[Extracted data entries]
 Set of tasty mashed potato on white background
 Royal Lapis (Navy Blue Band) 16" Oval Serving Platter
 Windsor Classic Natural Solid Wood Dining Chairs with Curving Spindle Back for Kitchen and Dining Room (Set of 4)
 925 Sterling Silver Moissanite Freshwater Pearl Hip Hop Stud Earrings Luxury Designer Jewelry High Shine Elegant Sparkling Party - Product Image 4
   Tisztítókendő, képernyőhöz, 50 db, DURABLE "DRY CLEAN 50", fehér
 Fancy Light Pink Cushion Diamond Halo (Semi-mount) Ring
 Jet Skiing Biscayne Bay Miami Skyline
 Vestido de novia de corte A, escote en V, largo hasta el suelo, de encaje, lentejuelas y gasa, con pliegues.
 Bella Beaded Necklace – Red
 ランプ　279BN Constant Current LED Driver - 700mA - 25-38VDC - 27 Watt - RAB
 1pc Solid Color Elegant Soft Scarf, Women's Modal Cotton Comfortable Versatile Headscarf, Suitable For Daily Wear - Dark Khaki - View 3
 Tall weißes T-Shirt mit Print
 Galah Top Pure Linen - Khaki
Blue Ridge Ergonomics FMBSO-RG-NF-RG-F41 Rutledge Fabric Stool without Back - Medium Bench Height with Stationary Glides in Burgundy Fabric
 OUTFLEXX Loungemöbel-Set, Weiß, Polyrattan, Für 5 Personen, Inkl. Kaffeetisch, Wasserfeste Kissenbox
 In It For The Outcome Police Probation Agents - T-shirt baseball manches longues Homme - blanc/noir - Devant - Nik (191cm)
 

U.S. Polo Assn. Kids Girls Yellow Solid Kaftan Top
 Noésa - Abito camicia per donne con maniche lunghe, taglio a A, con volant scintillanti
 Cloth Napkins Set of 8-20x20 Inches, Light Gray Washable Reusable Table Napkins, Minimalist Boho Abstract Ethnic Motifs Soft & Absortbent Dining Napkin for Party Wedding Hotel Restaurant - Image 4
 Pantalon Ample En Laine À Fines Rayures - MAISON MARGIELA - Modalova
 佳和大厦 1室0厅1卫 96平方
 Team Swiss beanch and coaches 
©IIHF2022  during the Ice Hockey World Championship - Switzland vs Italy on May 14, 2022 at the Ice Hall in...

Task directions:
From the line containing "Pantalon Ample En" through the last line of the records, output each line exactly and nothing more.

Task response:
 Pantalon Ample En Laine À Fines Rayures - MAISON MARGIELA - Modalova
 佳和大厦 1室0厅1卫 96平方
 Team Swiss beanch and coaches 
©IIHF2022  during the Ice Hockey World Championship - Switzland vs Italy on May 14, 2022 at the Ice Hall in...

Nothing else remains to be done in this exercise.